I like Hell's Kitchen and Kitchen Nightmares.  The most mindblowing KN moment (aside from ABC) is the chef who wouldn't even take a taste of Ramsey's dish; wish I could remember which episode it was from.  My favorite HK moment so far is the collection of Raj moments.



Rain-Wizard said:


> Holy hell. I have watched ten minutes, and my mind has been blown. Dat woman....eurgh.



Oh yes, the famous social media meltdown that followed the airing of that episode.


----------



## Judge Spear (Nov 11, 2013)

Nashida said:


> Oh Gosh this episode. This was legend. I ended up following her Facebook page for a week or so afterward just because she just. would. not.stop.



...

.....

Keep going.



Explolguy said:


> She'll get the cats after you, because she speaks cat.
> 
> MEOW MEOW MEOW MOTHERFUCKERS



Actually...


----------



## Cocobanana (Nov 11, 2013)

I'd hoped this thread was about Power Rangers :c


----------



## Ranguvar (Nov 11, 2013)

Cocobanana said:


> I'd hoped this thread was about Power Rangers :c


Gordon Ramsey would destroy the fucking power rangers.


----------



## Cocobanana (Nov 11, 2013)

Ranguvar said:


> Gordon Ramsey would destroy the fucking power rangers.
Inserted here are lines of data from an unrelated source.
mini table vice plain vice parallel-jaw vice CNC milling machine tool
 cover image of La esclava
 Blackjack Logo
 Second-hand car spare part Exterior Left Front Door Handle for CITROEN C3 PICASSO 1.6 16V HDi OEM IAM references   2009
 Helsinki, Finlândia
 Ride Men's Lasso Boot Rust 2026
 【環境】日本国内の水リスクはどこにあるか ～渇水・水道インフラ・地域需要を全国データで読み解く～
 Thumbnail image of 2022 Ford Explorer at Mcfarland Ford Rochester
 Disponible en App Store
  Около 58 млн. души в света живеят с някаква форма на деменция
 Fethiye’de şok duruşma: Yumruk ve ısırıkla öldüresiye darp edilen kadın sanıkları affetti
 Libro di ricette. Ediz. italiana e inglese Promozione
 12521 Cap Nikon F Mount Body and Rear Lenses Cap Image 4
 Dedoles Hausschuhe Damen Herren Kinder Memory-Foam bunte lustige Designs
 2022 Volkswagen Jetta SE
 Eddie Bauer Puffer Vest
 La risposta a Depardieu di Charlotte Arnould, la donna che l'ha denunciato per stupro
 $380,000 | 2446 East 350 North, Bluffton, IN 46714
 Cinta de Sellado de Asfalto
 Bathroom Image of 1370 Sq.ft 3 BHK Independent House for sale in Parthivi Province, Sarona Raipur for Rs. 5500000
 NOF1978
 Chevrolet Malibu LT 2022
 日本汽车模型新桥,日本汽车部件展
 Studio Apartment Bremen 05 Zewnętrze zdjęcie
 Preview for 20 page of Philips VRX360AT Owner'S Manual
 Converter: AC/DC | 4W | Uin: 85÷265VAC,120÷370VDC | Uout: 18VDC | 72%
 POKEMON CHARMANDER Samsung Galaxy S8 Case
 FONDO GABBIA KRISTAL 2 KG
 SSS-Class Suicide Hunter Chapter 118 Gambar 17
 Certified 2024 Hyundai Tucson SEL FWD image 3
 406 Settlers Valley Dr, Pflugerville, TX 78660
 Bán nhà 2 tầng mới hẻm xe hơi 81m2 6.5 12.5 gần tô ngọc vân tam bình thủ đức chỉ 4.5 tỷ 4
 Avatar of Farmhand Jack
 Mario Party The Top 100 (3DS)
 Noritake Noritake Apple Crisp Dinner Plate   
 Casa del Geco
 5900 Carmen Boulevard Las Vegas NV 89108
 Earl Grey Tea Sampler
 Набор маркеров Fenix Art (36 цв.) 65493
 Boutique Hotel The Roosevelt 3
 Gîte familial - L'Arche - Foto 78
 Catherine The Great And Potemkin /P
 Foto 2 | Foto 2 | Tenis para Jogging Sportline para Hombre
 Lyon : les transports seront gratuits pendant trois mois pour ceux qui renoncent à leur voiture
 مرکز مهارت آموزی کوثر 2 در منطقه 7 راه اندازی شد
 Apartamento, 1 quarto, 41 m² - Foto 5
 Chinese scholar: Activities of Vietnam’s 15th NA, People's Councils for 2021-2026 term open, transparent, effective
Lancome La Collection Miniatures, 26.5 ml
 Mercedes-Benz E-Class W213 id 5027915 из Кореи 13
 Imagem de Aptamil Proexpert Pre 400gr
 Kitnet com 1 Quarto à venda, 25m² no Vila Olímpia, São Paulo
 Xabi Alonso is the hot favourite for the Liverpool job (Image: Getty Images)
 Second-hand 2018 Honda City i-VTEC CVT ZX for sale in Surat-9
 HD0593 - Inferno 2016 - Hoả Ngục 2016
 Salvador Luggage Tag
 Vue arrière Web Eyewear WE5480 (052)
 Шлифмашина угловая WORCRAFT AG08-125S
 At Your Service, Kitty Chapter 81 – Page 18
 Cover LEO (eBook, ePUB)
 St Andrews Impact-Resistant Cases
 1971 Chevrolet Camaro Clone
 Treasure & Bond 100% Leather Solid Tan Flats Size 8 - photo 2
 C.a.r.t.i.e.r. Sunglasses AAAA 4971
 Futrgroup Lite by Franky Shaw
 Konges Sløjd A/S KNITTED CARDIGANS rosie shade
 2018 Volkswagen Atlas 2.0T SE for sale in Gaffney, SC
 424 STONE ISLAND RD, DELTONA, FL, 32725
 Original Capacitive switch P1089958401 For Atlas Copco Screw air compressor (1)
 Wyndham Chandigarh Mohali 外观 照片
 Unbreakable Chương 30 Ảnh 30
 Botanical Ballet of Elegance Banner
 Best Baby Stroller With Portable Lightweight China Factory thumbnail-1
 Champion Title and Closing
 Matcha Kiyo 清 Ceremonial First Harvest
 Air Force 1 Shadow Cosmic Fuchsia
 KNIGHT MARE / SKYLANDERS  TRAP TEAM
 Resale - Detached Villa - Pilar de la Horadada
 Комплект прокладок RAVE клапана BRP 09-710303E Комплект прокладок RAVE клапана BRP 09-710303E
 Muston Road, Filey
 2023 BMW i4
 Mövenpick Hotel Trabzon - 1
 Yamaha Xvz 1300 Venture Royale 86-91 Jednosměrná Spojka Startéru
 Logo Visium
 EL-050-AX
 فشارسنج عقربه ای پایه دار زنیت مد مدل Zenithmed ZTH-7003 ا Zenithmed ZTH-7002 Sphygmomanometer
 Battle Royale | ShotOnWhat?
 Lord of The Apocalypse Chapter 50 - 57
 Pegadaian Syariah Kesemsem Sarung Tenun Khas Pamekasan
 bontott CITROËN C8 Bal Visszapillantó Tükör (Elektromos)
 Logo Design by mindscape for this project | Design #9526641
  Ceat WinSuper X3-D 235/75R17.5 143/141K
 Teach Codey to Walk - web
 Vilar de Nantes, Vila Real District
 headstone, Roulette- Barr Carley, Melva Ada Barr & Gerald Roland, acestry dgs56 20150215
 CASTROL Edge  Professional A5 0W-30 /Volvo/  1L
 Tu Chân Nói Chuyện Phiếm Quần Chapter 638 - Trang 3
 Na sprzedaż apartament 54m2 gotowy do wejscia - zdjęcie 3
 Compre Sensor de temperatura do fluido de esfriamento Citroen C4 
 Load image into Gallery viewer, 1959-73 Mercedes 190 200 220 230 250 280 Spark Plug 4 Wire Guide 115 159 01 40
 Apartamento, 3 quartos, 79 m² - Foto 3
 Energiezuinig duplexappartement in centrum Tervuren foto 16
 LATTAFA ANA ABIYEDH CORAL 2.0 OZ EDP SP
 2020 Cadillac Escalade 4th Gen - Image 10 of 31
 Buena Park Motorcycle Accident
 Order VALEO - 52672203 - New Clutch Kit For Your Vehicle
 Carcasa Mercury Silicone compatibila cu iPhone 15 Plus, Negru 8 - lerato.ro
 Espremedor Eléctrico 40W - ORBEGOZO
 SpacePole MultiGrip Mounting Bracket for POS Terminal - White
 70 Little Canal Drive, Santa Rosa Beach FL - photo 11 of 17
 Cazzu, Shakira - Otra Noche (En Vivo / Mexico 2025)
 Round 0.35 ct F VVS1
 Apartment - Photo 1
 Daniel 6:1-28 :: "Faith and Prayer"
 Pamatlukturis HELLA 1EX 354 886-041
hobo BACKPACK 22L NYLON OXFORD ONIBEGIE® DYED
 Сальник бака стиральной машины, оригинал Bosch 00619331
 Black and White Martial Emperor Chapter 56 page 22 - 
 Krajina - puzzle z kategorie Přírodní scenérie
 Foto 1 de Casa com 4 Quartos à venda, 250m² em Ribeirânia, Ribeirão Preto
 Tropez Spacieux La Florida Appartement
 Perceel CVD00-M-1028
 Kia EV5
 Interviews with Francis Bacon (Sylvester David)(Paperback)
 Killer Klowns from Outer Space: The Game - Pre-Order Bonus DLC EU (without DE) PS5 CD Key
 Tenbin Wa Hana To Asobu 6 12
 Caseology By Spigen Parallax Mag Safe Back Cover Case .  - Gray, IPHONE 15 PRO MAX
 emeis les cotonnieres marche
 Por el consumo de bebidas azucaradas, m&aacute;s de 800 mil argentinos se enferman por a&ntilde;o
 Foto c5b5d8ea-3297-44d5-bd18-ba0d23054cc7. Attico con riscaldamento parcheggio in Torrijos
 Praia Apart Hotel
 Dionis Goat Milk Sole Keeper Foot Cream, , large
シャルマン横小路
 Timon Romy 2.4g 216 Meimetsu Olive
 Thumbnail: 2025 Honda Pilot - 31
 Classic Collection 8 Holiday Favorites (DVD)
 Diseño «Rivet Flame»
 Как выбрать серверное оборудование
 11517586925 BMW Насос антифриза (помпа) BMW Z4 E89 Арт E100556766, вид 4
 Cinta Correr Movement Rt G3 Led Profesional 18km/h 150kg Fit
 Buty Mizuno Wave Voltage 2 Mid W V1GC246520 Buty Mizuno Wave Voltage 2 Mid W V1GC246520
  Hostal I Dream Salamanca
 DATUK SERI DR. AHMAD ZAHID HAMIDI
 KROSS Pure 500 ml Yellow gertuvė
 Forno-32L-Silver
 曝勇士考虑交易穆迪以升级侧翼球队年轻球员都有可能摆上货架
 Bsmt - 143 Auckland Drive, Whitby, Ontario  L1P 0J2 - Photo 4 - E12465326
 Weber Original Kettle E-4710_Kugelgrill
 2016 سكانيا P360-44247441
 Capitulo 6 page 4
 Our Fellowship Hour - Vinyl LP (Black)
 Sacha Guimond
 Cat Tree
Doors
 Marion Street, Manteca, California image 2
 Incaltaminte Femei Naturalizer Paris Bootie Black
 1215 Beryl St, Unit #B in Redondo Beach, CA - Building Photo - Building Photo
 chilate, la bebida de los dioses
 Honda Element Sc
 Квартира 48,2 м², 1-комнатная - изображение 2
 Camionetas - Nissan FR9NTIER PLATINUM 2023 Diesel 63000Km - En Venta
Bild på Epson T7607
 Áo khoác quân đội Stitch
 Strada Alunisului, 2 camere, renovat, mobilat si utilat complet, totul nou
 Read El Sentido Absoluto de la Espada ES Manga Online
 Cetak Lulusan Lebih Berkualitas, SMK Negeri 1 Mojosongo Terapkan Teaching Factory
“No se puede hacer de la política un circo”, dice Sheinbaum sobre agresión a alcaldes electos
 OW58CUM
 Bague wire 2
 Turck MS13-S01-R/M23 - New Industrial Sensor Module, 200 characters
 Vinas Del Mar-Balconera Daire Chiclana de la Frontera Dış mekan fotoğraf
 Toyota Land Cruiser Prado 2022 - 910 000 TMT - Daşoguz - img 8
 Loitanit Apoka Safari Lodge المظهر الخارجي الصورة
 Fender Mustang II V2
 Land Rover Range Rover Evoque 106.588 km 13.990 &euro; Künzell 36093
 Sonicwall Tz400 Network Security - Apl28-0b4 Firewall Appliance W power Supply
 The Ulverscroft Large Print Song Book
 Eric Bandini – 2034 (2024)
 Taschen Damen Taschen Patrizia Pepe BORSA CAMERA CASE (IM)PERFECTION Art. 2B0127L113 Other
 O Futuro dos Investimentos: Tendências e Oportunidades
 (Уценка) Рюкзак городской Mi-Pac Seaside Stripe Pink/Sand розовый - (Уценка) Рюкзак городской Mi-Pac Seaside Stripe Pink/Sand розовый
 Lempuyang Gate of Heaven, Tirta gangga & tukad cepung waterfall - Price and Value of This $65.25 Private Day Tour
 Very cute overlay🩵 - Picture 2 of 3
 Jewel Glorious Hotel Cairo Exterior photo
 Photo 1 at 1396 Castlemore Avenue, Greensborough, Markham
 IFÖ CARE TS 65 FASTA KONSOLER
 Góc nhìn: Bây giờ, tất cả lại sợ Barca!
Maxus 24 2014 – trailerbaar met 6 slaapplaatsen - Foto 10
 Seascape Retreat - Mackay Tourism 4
He wouldn't look sexy doing it...


----------



## Ranguvar (Nov 11, 2013)

Cocobanana said:


> He wouldn't look sexy doing it...


GORDON RAMSEY IS ALWAYS SEXY


----------



## Zerig (Nov 11, 2013)

Cocobanana said:


> He wouldn't look sexy doing it...



I don't think anyone has ever been so wrong about something.


----------



## Cocobanana (Nov 11, 2013)

Zerig said:


> I don't think anyone has ever been so wrong about something.



Gordon Ramsey < Simon (s)Cowell every time.


----------



## Ranguvar (Nov 12, 2013)

Cocobanana said:


> Gordon Ramsey < Simon (s)Cowell every time.


WAT.


----------



## Judge Spear (Nov 12, 2013)

Cocobanana said:


> Gordon Ramsey < Simon (s)Cowell every time.





Cocobanana said:


> He wouldn't look sexy doing it...



Keep talking. Just make sure you don't go to bed if you do. :3


----------